Un directeur isolé et amer
Roger de Weck mène campagne pour la redevance en Suisse alémanique. Et il souffre
C’est sans doute l’une des pires réunions publiques de sa vie. Fin avril, à l’Hôtel Savoy Baur en Ville à Zurich, le directeur général de la SSR, Roger de Weck, s’est retrouvé confronté aux adversaires de son entreprise les plus virulents, lors d’une conférence organisée par la très blochérienne Holding pour la diversité des médias (Medienvielfalt). Traité de «Fidel Castro» par l’un de ses contradicteurs, le Fribourgeois est ressorti ébranlé par l’agressivité de l’assistance à son endroit.
«Tout cela l’affecte terriblement, témoigne une connaissance qui a rencontré Roger de Weck récemment. Je ne l’avais jamais vu dans cet état. Il est seul. Il est particulièrement amer que personne ne le soutienne publiquement. Tout le monde a compris qu’il y a une vague de sentiment anti-SSR et personne ne veut s’exposer.»
Il a ainsi fallu attendre le 21 mai pour que les cinéastes suisses, qui reçoivent quelque 27 millions de francs chaque année de la SSR, publient un communiqué appelant à voter oui à l’extension de la redevance audiovisuelle, qui sera soumise au vote populaire le 14 juin.
En Suisse alémanique, la campagne a pris une tournure très personnelle, focalisée sur Roger de Weck et ce qu’il incarne: un intellectuel d’origine aristocratique, parfaitement francophone et ouvertement favorable à l’adhésion de la Suisse à l’UE. Son salaire de 560 000 francs (en 2014) est devenu un argument des opposants à l’extension de la redevance. Et son inimitié envers Pietro Supino, président du groupe de presse Tamedia, le plus grand de Suisse, a durci l’hostilité des éditeurs et de leurs journaux envers la SSR.
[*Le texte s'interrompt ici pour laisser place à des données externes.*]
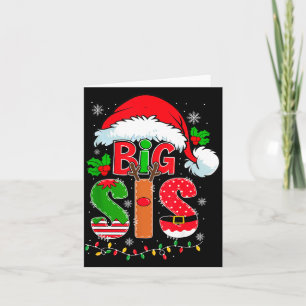 Carte Chapeau de Père Noël Grande Sœur Nouvelle Annonce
Le conflit remonte à 2010, lorsque l’entreprise publique a tenté d’ouvrir ses sites internet à la publicité. Lors des négociations qui ont suivi avec les éditeurs, farouchement opposés à la mesure, Roger de Weck et Pietro Supino «se sont engueulés comme du poisson pourri, c’était inacceptable», témoigne une personne qui a participé aux discussions. L’interdiction de publicité sur les sites de la SSR a persisté, jusqu’à aujourd’hui. Sy. B.